- _WORK INSTRUCTION_: Every line of the material that mentions the word "Beach" should be copied out.

- _EXERCISE INPUTS_:

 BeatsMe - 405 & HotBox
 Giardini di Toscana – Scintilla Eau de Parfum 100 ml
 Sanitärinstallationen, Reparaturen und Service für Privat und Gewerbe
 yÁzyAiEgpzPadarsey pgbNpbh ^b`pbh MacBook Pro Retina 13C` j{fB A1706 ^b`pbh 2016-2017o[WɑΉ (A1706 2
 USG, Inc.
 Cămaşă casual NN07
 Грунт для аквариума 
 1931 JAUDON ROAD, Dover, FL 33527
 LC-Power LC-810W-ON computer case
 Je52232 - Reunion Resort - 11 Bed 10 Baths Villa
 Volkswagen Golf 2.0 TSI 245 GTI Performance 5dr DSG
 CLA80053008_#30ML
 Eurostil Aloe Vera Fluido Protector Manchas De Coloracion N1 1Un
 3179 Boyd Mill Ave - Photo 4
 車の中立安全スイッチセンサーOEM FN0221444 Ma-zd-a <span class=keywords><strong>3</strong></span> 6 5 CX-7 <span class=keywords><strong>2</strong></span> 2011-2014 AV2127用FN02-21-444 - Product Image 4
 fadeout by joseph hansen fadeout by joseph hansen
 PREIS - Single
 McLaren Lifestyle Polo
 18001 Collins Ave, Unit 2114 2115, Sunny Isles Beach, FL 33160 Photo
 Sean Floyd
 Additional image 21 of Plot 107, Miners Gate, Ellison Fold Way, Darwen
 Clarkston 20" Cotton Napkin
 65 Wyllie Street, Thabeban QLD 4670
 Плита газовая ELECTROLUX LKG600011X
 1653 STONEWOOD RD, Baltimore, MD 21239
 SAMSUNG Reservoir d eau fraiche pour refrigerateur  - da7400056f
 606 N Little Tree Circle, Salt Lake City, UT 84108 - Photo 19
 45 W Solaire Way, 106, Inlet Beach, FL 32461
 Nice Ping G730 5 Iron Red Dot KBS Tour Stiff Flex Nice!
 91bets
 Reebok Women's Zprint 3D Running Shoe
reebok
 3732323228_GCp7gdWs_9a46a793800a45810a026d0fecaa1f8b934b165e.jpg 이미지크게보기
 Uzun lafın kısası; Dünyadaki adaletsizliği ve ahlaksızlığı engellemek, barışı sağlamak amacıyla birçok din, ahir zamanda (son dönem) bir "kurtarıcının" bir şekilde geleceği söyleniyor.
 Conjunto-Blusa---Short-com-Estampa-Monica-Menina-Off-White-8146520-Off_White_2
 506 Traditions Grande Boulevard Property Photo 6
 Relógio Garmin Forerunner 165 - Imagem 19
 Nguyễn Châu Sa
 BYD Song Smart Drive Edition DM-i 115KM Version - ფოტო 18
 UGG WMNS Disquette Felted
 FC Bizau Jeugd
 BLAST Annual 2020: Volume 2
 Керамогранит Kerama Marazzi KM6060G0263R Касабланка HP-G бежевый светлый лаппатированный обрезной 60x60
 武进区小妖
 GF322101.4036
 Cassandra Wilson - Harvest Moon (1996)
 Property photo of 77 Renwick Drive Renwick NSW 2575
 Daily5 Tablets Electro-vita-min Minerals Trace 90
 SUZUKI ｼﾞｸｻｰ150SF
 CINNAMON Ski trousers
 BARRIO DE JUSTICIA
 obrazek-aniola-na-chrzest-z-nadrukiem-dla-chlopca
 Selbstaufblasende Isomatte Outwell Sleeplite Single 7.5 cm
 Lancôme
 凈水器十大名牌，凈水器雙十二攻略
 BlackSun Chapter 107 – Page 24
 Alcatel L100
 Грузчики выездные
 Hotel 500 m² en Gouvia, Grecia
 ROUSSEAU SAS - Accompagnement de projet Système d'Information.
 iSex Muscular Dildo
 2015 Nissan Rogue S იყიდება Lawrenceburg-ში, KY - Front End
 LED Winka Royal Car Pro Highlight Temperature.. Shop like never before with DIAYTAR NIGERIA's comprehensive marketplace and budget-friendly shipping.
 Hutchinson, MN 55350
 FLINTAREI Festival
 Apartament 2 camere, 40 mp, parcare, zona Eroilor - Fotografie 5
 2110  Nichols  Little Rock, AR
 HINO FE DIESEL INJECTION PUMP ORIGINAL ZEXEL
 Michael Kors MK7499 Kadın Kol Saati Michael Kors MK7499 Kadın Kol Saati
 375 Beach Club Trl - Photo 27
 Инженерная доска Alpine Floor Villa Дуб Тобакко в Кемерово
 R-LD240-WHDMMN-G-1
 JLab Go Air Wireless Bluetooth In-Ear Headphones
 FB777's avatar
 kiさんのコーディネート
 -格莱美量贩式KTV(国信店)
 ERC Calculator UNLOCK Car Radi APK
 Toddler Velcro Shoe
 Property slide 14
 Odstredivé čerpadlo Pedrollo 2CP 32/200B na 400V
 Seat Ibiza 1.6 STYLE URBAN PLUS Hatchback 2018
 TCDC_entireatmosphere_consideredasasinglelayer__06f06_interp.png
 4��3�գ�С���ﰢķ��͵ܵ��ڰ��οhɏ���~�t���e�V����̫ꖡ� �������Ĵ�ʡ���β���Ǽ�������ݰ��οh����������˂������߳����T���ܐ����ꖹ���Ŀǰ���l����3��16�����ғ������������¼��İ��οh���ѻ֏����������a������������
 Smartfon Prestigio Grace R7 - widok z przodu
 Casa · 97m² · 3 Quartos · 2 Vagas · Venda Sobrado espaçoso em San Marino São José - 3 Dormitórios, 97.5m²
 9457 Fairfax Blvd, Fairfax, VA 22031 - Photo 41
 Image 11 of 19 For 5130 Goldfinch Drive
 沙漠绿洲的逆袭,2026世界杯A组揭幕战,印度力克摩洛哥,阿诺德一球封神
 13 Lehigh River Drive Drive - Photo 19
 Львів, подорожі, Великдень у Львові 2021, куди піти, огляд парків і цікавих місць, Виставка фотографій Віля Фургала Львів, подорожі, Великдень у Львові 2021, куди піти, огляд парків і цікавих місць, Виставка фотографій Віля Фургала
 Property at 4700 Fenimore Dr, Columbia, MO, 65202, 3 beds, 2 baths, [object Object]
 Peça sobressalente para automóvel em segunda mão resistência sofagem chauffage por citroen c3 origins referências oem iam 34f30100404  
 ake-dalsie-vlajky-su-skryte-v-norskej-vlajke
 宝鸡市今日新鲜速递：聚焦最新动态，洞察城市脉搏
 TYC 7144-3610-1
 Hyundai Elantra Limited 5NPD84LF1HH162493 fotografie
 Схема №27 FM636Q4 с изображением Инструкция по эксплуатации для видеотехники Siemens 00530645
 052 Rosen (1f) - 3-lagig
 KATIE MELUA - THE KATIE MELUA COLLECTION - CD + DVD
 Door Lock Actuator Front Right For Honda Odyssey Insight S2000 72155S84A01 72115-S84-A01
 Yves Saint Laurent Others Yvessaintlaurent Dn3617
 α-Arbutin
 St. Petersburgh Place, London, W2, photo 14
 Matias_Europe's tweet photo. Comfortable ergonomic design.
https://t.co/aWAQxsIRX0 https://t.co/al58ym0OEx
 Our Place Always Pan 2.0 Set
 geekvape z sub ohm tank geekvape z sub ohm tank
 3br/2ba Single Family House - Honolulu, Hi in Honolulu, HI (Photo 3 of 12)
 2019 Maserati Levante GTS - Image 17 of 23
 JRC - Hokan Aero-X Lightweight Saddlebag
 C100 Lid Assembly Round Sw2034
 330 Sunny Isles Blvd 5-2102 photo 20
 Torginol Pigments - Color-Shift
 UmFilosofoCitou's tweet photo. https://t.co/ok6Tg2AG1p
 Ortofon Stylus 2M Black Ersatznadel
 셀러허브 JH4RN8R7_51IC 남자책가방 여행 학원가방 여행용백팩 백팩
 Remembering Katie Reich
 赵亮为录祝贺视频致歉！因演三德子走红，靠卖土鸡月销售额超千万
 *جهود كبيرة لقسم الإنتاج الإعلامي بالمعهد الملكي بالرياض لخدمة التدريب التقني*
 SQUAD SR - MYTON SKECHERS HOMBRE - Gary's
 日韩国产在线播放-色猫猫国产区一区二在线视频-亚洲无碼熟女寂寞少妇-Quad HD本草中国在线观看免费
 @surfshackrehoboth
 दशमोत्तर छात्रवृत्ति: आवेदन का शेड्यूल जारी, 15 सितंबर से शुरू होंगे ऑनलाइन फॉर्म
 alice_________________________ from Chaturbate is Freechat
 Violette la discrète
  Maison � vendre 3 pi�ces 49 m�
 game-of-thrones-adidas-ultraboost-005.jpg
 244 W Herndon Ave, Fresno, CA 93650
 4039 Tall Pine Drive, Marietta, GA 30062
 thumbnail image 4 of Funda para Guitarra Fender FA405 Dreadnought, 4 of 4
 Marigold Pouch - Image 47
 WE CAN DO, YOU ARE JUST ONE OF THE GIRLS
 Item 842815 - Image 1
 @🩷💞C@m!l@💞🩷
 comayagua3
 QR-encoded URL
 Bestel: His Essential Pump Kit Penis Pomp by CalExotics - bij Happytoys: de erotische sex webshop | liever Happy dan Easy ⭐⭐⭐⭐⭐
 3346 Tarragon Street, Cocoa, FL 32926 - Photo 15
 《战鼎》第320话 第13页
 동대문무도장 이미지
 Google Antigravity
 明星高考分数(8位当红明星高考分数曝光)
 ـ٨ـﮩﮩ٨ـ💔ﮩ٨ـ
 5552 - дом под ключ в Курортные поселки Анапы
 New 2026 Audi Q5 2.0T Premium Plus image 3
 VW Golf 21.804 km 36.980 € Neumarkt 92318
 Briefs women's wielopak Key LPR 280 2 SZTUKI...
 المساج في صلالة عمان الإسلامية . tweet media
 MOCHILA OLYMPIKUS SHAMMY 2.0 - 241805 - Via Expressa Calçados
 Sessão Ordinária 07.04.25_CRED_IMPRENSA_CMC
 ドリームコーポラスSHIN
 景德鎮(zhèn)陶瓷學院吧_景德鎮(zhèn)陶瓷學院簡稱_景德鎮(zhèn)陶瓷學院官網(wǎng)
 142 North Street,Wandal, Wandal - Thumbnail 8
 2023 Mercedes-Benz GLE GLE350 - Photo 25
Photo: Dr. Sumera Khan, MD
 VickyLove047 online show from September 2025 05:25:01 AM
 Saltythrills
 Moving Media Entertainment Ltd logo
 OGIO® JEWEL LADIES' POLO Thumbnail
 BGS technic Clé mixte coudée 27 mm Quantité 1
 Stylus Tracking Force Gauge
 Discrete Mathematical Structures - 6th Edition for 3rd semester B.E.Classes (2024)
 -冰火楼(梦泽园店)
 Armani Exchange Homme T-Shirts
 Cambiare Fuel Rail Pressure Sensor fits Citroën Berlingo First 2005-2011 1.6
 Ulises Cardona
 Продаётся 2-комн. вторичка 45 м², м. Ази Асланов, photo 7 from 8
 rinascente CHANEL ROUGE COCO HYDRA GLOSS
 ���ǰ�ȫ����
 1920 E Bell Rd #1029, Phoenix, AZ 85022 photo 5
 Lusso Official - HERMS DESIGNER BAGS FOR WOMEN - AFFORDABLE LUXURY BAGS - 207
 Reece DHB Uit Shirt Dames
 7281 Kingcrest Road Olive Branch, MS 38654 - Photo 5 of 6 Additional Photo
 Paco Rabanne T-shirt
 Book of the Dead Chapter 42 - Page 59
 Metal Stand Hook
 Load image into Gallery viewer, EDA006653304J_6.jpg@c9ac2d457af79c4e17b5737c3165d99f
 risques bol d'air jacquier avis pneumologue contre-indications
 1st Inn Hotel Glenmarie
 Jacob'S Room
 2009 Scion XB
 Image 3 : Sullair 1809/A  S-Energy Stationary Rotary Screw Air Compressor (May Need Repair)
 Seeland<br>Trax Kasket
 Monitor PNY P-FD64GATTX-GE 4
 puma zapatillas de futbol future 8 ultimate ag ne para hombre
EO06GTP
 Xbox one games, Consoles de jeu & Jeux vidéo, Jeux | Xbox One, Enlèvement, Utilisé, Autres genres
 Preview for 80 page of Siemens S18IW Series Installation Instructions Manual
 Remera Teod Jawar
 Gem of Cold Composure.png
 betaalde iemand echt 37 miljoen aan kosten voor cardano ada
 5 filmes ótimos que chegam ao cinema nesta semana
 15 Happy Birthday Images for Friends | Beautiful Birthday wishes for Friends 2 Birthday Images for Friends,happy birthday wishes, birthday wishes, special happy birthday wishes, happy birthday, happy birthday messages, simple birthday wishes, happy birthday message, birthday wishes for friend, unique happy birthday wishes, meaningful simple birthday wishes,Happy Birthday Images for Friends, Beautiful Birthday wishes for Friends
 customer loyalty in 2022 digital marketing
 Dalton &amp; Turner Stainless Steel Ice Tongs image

- _EXERCISE OUTPUT_:
 18001 Collins Ave, Unit 2114 2115, Sunny Isles Beach, FL 33160 Photo
 45 W Solaire Way, 106, Inlet Beach, FL 32461
 375 Beach Club Trl - Photo 27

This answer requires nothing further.